Required work:
Transcribe every entry exactly; the images stay out.

Source data:
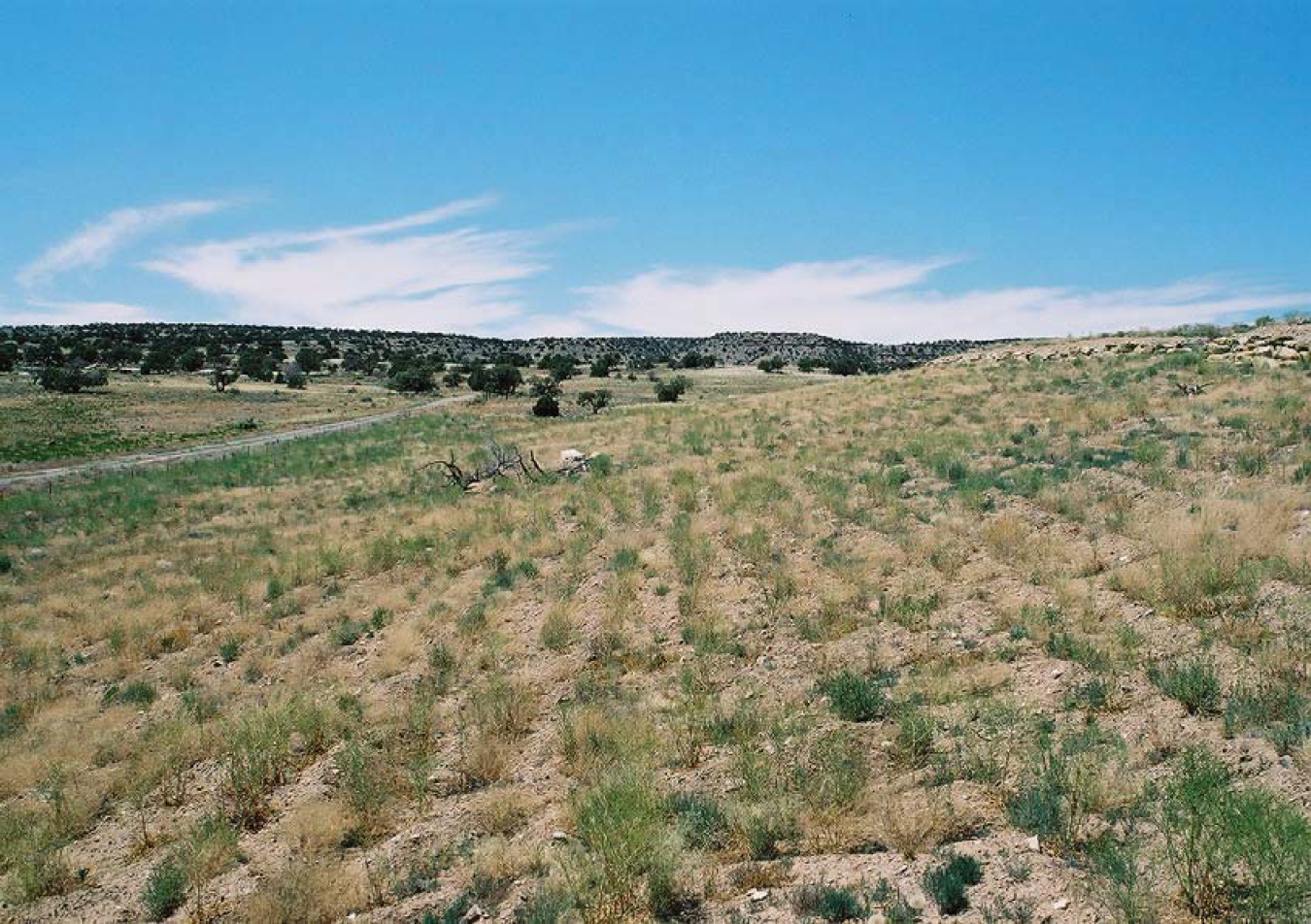 View of a ripped side slope, four years after reclamation.
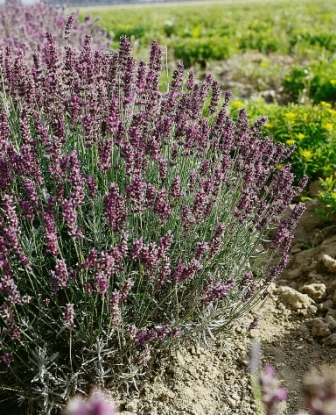 Picture of Lavender - Hidcote Blue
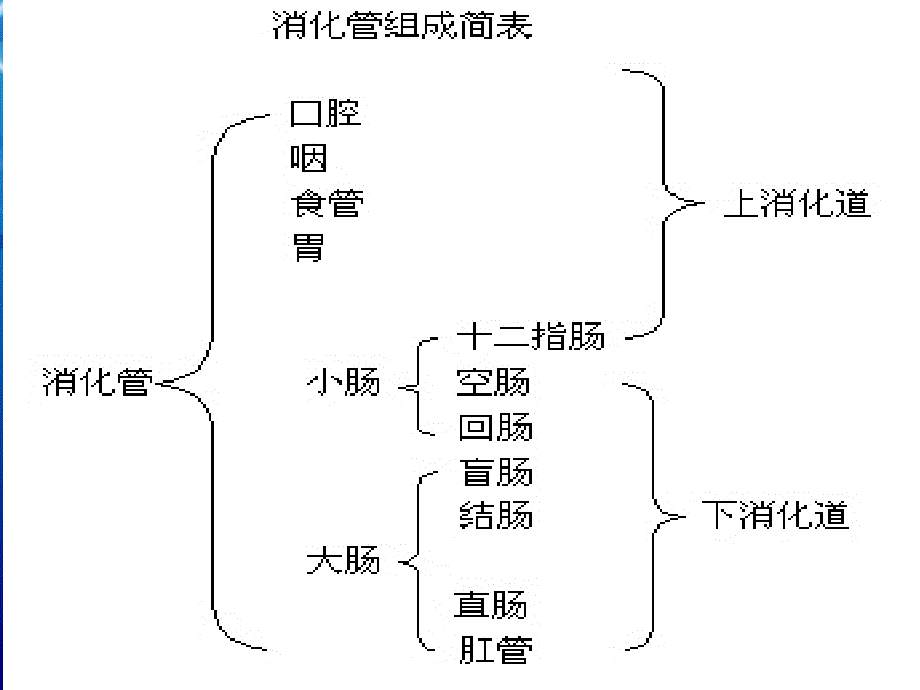 消化系统解剖生理幻灯片_第3页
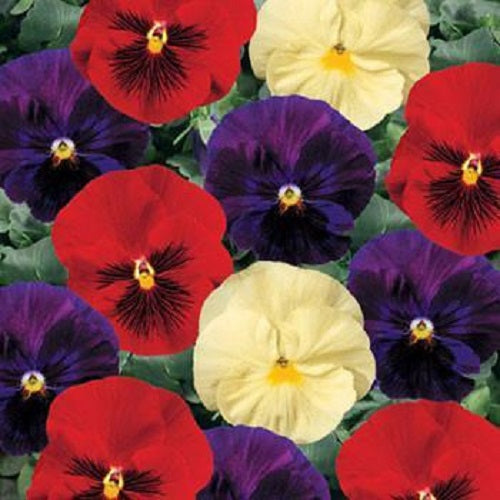 50 Pansy Seeds Pansies Delta Wine Cheese Flower Seeds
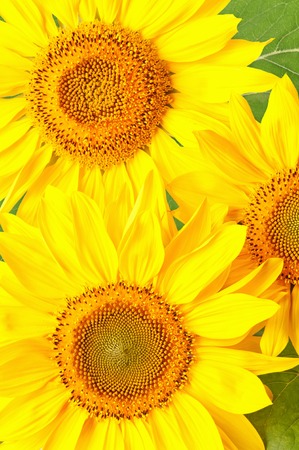 Background from colors of a sunflowerの写真素材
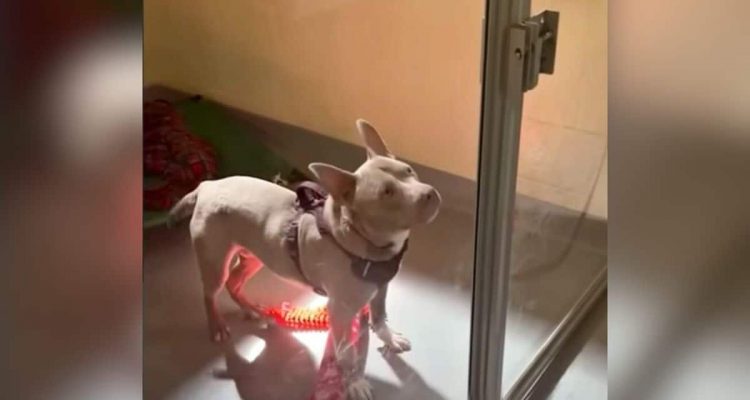 Tauber Hund wird im Tierheim von allen ignoriert – bis diese Frau in sein Leben tritt…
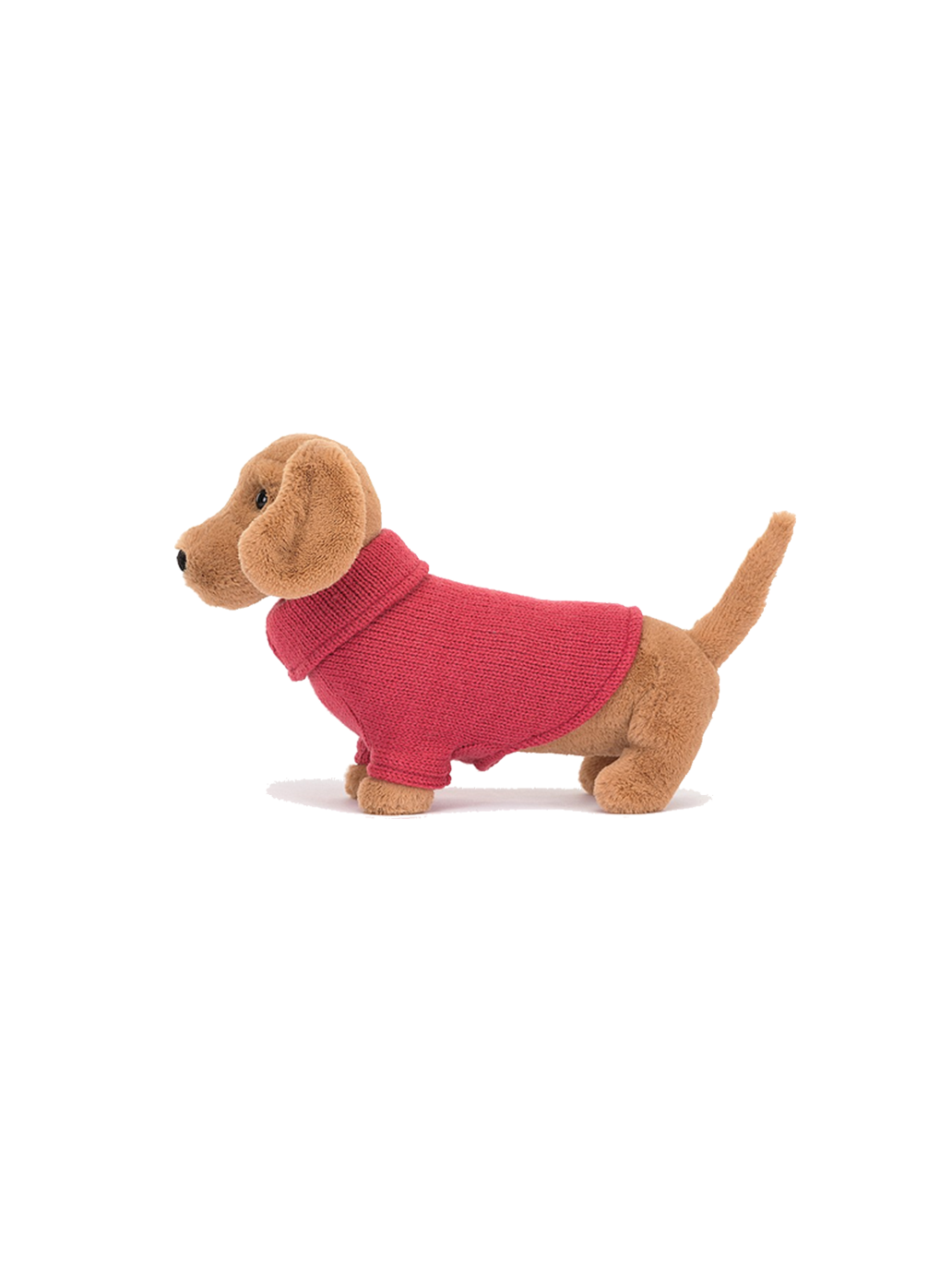 Cuddly dachshund in a sweater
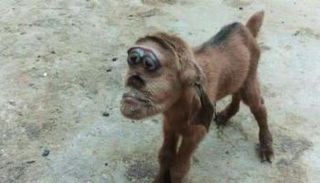 ولادة ماعز بـ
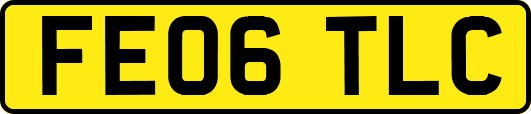 FE06TLC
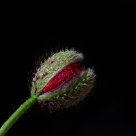Rebento de papoila (Branch Poppy)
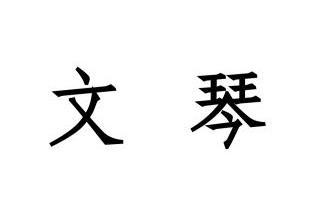 em>文琴/em>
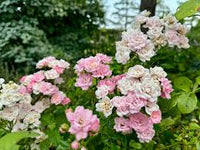 hell Rosa Polyantha Rose Blumensamen zur Aussaat – leuchtend Blüten – Traditionssorte & ohne Gentechnik Samen Hausgarten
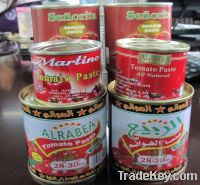 tomato paste manufacturer, provied best ketchup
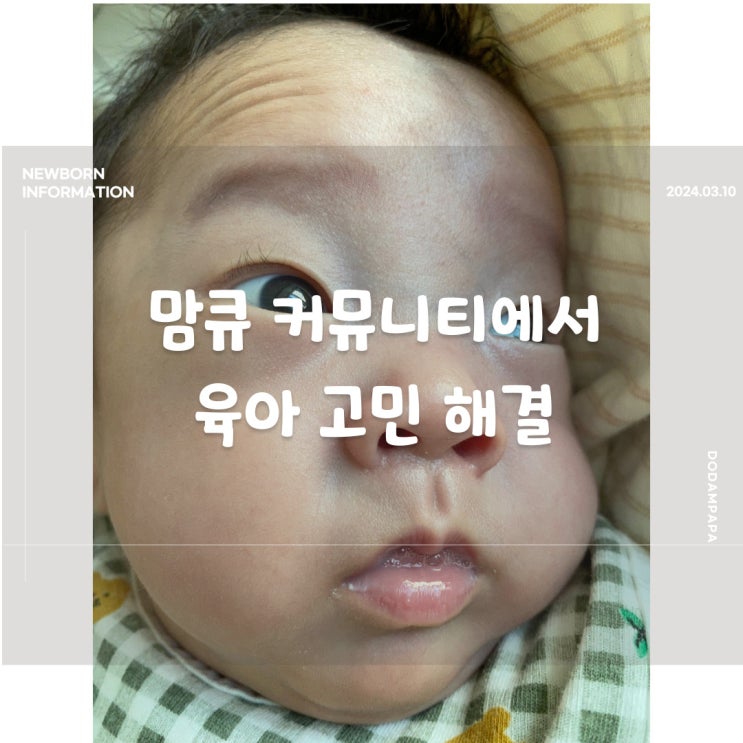 맘큐 커뮤니티에서 육아 고민 해결 맘큐 커뮤니티에서 육아 고민 해결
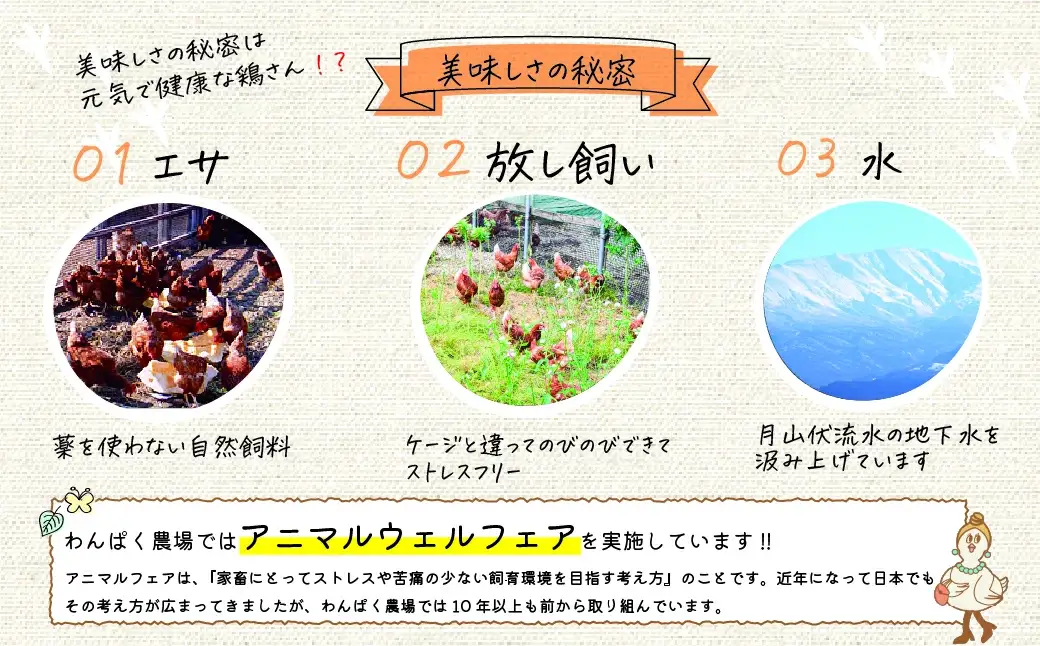 B04-751　太陽の下放し飼いわんぱく卵 【2回お届け】「10個入×3パック」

Reply to the task:
 View of a ripped side slope, four years after reclamation.
 Picture of Lavender - Hidcote Blue
 消化系统解剖生理幻灯片_第3页
 50 Pansy Seeds Pansies Delta Wine Cheese Flower Seeds
 Background from colors of a sunflowerの写真素材
 Tauber Hund wird im Tierheim von allen ignoriert – bis diese Frau in sein Leben tritt…
 Cuddly dachshund in a sweater
 ولادة ماعز بـ
 FE06TLC
Rebento de papoila (Branch Poppy)
 em>文琴/em>
 hell Rosa Polyantha Rose Blumensamen zur Aussaat – leuchtend Blüten – Traditionssorte & ohne Gentechnik Samen Hausgarten
 tomato paste manufacturer, provied best ketchup
 맘큐 커뮤니티에서 육아 고민 해결 맘큐 커뮤니티에서 육아 고민 해결
 B04-751　太陽の下放し飼いわんぱく卵 【2回お届け】「10個入×3パック」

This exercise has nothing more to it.